|
Texto Anterior | Próximo Texto | Índice
ROBERTO MANGABEIRA UNGER
Libertar os juízes
Querem enfraquecer o poder
mais fraco e vigiar o poder menos corrupto. Em vez de impor novo
sistema de controle dos juízes, convém destruir o sistema de controle
que já existe.
O controle externo sobre o Judiciário no Brasil funciona da seguinte maneira. O presidente da República escolhe os ministros do Supremo Tribunal
Federal entre seus compadres ou entre os amigos de seus amigos. O Senado Federal, abdicando sua responsabilidade constitucional, carimba essas
indicações. E a sociedade, bestificada,
desinformada e desinteressada, omite-se. O resultado é que, com extraordinárias exceções, a corte dirigente, a
que as outras se subordinam (e mais
subordinadas ficariam com as "súmulas vinculantes"), compõe-se tradicionalmente de bacharéis politiqueiros,
conformados com sua própria pequenez. Nesse deserto de idéias e de virtudes, qualquer doutrinador retrógrado
impressiona e intimida seus pares.
Sob esse regime, o presidente degola
o terceiro Poder e lhe dá cabeça postiça, mais disposta a agradar do que a
resistir e antever. A conseqüência é
impedir o surgimento de Judiciário
capaz de avanços que despertem entusiasmos e antagonismos na sociedade.

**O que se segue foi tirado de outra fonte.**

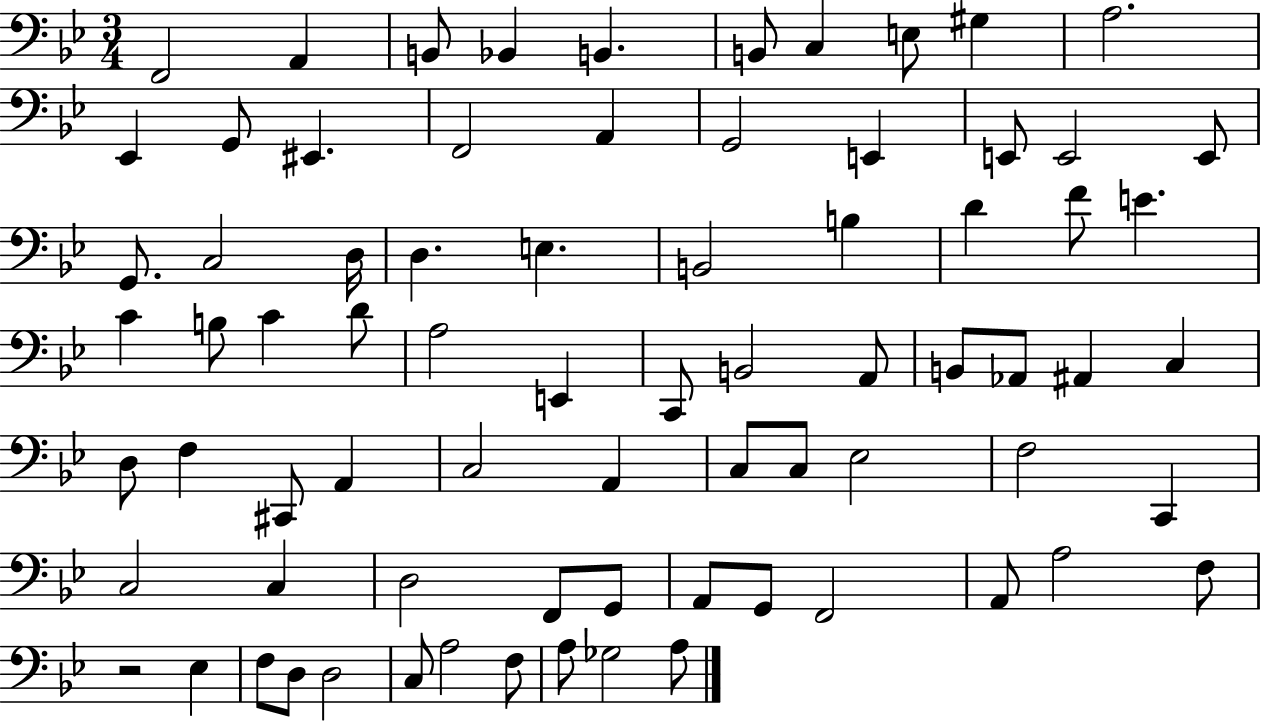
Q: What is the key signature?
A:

Daí o desinteresse generalizado pelas
indicações presidenciais, fechando
círculo vicioso que torna sempre atual
a constatação de ser o Judiciário o Poder que mais faltou à República.
Como tanta coisa ruim no Brasil, esse problema tem origem em cópia incompleta. Copiamos dos Estados Unidos o método das indicações presidenciais. Não copiamos, porém, o crivo exigente e caloroso a que, nos Estados Unidos, o Senado e a opinião pública submetem tais nomeações.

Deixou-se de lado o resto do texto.